> [REQUIREMENT]: From the line holding "Linear Tall Plain Wardrobe" to the final line of the entries, set down each line exactly, including both, and nothing more.

[Records excerpted from a collection]
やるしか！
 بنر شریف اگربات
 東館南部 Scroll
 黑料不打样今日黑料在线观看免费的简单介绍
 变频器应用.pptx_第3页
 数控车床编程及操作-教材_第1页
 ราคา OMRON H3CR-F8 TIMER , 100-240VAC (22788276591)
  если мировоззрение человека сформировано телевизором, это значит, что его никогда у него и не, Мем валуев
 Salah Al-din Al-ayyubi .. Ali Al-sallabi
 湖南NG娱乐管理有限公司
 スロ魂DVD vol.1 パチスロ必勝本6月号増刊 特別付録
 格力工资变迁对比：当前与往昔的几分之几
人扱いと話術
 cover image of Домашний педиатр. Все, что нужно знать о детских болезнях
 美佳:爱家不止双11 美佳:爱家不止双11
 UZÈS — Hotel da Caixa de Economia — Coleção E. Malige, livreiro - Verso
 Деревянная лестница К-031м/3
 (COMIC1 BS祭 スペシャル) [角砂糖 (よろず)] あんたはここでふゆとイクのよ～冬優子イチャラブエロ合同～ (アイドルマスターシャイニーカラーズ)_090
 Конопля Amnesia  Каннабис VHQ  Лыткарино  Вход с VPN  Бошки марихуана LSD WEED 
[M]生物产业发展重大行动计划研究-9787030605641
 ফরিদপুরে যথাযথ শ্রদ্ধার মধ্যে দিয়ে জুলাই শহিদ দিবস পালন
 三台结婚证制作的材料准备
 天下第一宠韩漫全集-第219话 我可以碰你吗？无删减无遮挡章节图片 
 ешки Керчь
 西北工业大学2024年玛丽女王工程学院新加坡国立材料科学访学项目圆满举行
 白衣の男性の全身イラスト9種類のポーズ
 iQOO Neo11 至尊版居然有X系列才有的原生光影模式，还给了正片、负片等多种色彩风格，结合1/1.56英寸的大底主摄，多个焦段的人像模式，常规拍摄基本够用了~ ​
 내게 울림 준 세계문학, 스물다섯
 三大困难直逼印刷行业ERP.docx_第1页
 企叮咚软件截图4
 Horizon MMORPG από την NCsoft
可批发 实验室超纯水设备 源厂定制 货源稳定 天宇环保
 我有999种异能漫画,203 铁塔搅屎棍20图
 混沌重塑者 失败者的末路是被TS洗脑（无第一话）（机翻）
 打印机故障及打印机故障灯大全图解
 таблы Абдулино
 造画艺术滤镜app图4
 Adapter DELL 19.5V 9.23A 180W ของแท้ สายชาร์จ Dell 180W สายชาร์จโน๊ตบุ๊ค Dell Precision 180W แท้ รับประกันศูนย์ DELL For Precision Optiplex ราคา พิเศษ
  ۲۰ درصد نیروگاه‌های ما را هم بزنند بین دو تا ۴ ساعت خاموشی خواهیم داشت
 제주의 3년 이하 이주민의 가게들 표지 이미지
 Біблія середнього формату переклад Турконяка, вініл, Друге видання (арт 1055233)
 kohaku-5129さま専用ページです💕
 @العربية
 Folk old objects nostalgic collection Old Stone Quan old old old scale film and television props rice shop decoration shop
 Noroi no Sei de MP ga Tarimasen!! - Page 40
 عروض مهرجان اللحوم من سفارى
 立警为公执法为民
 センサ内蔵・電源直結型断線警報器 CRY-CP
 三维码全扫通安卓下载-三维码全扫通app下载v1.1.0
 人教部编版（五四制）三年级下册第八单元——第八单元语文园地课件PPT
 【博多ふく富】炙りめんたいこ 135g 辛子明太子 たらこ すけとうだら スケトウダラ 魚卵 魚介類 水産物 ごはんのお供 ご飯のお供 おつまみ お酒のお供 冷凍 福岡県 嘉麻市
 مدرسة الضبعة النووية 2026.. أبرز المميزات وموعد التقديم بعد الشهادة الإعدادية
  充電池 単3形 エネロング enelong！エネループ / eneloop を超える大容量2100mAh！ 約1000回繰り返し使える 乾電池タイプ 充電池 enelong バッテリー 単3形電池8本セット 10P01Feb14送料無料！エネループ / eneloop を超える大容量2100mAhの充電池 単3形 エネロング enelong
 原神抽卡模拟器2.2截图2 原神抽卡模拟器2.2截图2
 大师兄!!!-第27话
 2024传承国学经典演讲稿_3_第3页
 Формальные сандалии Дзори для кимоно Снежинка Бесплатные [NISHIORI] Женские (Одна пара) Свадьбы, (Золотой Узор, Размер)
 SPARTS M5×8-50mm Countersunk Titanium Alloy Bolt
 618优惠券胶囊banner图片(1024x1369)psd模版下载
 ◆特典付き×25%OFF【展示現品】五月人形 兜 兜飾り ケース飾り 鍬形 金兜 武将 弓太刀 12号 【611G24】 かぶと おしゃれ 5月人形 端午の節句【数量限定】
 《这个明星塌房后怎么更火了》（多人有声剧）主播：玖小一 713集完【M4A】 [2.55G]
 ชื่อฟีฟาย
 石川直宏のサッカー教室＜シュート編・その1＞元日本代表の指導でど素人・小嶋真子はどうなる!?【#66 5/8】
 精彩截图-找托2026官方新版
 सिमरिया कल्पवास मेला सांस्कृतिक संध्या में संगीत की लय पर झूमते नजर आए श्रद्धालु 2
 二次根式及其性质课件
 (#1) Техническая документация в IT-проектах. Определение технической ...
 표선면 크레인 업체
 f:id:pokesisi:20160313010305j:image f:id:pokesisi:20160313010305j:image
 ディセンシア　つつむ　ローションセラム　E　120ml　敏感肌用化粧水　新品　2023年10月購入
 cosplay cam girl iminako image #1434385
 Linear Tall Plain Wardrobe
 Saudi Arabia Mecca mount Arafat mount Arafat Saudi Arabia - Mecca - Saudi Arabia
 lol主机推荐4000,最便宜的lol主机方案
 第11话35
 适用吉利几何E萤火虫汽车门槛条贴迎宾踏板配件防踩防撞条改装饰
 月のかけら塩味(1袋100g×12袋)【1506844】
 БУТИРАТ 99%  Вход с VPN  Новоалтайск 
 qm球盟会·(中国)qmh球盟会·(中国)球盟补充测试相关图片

> [RESULT OF THIS TASK]:
 Linear Tall Plain Wardrobe
 Saudi Arabia Mecca mount Arafat mount Arafat Saudi Arabia - Mecca - Saudi Arabia
 lol主机推荐4000,最便宜的lol主机方案
 第11话35
 适用吉利几何E萤火虫汽车门槛条贴迎宾踏板配件防踩防撞条改装饰
 月のかけら塩味(1袋100g×12袋)【1506844】
 БУТИРАТ 99%  Вход с VPN  Новоалтайск 
 qm球盟会·(中国)qmh球盟会·(中国)球盟补充测试相关图片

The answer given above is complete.